Summary 

Introduction:

High-dose-rate brachytherapy (HDR-BT) is a type of internal radiation therapy, which consists of placing a radioactive source inside the body or close to the tumour, and allows for treatment to be administered in a very short time. Moreover, the radioactive substance does not remain in the patient.
Cancers of the mobile portion of the tongue are located in front of the circumvallate papillae and affect the anterior two thirds of the organ. These tumours account for 50% of diseases of the oral cavity.
Objectives: The main objective of this study was to assess the safety and effectiveness of HDR-BT in the treatment of tumours of the mobile tongue. The main specific objectives were to assess the benefits in terms of safety, loco-regional control, distant metastasis and survival with respect to other treatments.

Methods:

In June 2014, we conducted a systematic search of the scientific literature contained both in leading computerised biomedical databases, such as PubMed, Embase, ISI Web of Knowledge, Centre for Reviews and Dissemination, Cochrane, etc., and in databases of ongoing studies (ClinicalTrials.gov, Current Controlled Trials, etc.). In addition, we also conducted a general Internet search to locate grey literature. After drawing up and defining a series of selection criteria, we included all studies that fulfilled these criteria and excluded -among others- those that assessed different brachytherapy techniques jointly. Data were collected and summarised in evidence tables, with quality being assessed using the SIGN scale.

Results:

The study encompassed a systematic review, which covered a total of 14 publications that met our selection criteria, and two further studies not included in the review. With the exception of one clinical trial, all the remaining (case-control and case-series) studies were retrospective and thus reported assessments of historical series of patients.
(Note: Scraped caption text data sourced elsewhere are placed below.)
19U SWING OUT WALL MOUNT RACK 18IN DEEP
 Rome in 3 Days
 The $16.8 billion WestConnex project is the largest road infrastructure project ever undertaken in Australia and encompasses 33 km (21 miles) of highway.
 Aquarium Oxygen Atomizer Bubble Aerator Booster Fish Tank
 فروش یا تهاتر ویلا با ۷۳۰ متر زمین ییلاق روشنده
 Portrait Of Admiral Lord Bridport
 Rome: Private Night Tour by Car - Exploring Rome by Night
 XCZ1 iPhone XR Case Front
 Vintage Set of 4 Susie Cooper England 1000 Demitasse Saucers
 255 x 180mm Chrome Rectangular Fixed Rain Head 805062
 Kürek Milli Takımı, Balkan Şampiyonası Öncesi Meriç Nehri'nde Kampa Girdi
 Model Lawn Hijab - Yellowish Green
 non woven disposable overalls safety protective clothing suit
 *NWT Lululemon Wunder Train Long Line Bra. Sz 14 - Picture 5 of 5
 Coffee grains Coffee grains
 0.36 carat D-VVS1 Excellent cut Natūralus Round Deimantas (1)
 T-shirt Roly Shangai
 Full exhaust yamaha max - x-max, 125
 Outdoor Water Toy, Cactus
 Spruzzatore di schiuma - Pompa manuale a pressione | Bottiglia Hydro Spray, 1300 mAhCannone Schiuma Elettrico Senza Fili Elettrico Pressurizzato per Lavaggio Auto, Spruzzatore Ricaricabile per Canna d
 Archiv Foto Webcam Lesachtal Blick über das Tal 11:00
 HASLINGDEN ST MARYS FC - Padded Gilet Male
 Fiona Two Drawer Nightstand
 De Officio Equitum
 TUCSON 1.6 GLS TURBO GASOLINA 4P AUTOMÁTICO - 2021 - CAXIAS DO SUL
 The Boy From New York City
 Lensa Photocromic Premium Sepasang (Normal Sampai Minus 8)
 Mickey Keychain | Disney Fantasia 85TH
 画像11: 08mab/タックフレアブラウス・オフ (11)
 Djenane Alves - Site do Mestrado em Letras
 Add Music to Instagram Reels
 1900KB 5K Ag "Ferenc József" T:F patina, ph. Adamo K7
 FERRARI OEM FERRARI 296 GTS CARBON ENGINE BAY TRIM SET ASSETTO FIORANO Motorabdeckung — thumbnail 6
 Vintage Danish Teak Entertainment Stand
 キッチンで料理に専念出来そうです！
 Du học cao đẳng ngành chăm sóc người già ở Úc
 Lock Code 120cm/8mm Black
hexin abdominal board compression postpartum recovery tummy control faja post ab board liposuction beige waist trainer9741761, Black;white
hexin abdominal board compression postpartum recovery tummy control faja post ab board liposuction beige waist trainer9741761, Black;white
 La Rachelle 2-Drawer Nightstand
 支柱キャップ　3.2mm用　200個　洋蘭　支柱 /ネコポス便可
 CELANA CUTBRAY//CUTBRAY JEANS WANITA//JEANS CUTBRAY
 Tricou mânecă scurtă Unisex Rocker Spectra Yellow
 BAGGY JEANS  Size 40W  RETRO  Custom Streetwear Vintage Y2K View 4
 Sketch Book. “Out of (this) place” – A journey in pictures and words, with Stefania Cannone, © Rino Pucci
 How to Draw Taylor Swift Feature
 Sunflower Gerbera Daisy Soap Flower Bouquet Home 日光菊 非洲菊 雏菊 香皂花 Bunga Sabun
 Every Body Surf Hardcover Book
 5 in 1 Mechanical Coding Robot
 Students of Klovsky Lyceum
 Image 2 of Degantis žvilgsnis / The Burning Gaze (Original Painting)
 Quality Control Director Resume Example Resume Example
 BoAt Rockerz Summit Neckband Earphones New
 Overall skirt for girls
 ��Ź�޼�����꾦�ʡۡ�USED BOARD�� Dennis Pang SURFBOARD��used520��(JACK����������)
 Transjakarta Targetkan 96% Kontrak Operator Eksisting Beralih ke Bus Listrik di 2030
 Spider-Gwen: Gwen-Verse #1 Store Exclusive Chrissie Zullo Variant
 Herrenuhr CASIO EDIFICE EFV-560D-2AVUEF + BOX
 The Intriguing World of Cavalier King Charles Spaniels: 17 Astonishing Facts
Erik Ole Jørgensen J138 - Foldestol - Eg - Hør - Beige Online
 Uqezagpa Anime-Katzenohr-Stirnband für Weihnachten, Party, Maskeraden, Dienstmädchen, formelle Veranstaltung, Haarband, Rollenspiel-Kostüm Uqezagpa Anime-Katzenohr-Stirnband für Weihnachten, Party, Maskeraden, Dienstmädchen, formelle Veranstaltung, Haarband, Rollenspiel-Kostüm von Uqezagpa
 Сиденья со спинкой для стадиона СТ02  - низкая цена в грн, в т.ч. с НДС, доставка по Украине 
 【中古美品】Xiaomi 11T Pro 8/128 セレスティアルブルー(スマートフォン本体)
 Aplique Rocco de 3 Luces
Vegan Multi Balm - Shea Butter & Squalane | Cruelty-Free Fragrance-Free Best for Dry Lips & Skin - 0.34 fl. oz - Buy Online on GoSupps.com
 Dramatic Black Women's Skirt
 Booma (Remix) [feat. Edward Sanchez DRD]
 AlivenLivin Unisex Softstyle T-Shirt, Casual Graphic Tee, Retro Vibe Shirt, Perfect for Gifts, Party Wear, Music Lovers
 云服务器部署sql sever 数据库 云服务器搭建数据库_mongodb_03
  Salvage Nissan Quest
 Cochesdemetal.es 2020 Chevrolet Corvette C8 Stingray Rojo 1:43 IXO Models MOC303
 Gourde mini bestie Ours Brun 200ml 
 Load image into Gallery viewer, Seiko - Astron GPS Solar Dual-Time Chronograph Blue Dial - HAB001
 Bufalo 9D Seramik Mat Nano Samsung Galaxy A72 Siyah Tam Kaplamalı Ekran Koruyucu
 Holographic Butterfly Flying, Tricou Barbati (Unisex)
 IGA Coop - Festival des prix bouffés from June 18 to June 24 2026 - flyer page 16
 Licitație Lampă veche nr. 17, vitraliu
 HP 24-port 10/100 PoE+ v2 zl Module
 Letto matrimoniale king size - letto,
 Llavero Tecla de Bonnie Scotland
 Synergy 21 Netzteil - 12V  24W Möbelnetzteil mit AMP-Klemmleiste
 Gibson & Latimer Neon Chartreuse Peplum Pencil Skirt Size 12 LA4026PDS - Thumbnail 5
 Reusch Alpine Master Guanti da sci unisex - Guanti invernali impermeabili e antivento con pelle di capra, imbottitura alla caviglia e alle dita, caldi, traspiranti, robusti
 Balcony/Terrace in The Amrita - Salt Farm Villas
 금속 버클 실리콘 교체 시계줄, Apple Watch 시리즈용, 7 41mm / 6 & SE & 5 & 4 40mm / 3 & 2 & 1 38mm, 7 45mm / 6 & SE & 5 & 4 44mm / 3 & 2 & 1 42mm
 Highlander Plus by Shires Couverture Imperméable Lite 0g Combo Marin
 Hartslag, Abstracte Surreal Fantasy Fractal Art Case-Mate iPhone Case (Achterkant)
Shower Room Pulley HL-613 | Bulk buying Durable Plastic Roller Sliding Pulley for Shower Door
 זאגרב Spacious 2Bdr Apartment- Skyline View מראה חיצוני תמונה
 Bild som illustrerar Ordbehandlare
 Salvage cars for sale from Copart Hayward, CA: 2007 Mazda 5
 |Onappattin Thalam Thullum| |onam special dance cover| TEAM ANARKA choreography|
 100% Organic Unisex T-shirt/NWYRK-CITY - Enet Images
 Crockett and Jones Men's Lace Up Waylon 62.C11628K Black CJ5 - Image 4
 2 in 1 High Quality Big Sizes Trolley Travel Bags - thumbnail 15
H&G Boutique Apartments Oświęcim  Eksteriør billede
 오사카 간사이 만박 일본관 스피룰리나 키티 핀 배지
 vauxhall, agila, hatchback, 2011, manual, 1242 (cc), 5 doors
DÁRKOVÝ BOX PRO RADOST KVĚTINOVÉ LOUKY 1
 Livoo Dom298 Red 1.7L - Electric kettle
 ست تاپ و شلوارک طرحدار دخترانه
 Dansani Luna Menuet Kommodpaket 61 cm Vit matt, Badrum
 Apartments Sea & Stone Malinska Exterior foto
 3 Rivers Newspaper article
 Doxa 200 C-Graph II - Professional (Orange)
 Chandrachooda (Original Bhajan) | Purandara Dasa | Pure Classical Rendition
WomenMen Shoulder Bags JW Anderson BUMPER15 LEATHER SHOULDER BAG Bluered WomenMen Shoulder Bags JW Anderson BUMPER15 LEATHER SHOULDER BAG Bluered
The studies were conducted on patients with early stage T1-3N0 tumours of the tongue: in some instances, patients with stage T4 disease and positive ganglia involvement were included, mostly in studies with administration of external radiotherapy in addition to brachytherapy. In the majority of studies, patients treated with HDR-BT registered toxicity rates that were higher than or similar to those obtained in the studies on low-dose-rate brachytherapy (LDR-BT). Local control and survival were similar with both techniques. These results were reported by most of the studies, including the small-sized clinical trial. Studies that administered brachytherapy jointly with external radiotherapy reported widely differing outcomes.

Conclusions and recommendations:

Isolation of patients and irradiation of healthcare staff are both avoided with HDR-BT, yet the evidence found is nevertheless heterogeneous and of moderate-low quality. Despite the fact that the general results on effectiveness proved similar for HDR-BT and LDR-BT, doubts surrounding safety make it impossible to establish recommendations for use at the present.